Wisconsin. H. Claire Brown of The Intercept: "[In the GOP last minute power grab,] buried under controversial moves to curtail early voting and strip authority from Gov.-elect Tony Evers is a sweeping codification of welfare restrictions that Republicans across the country have long sought. The new legislation enshrines in state law outgoing Gov. Scott Walker’s controversial policy of forcing many food stamp applicants to submit to drug testing. It also limits the incoming administration’s ability to walk back the state’s strict new work requirements for aid recipients. After Walker’s approval, Wisconsin will be the only state that requires drug testing for non-felon food stamp applicants." --s (Also linked yesterday afternoon.) 

Way Beyond

BBC: "The [House of] Commons vote on Tuesday [on Theresa May's Brexit plan] will not be delayed, the Brexit Secretary has said, amid growing calls for the PM to go back to Brussels to renegotiate. Stephen Barclay also said Theresa May could stay in post if, as expected, MPs reject her Brexit plan. The PM has warned Tory rebels it could lead to a general election, and there was a 'very real risk of no Brexit'.... The withdrawal deal negotiated between the UK and EU has been endorsed by EU leaders but must also be backed by Parliament."
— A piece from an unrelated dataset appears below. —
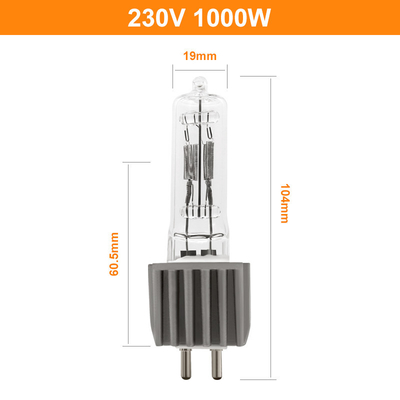 Studio singolo 250h concluso di G9.5 2 Pin Halogen Bulb Lamp 230V 1000W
Dom Phillips of the Guardian: "An epidemic of illegal artisanal mining across the Amazon rainforest has been revealed in an unprecedented new map, pinpointing 2,312 sites in 245 areas across six Amazon countries. Called garimpo in Brazil, artisanal mining for gold and other minerals in Amazon forests and rivers has been a problem for decades and is usually illegal. It is also highly polluting: clearings are cut into forests, mining ponds carved into the earth, and mercury used in extraction is dumped in rivers, poisoning fish stocks and water supplies. But its spread has never been shown before.... In 37 cases, the groups say illegal artisanal mining took place in protected indigenous reserves, 18 of which were in Brazil." --s ...

     ... Mrs. McCrabbie: I didn't know what "artisanal mining" was. "Artisanal" sounds so traditional and sweet and, you know, artsy like hand-thrown pottery, delicious bread & small-production, organic wines. So I looked it up: it's small-scale mining by independent miners, like hobbyists panning for gold. Apparently "artisanal miners" are not so into leaving their work sites as they found them.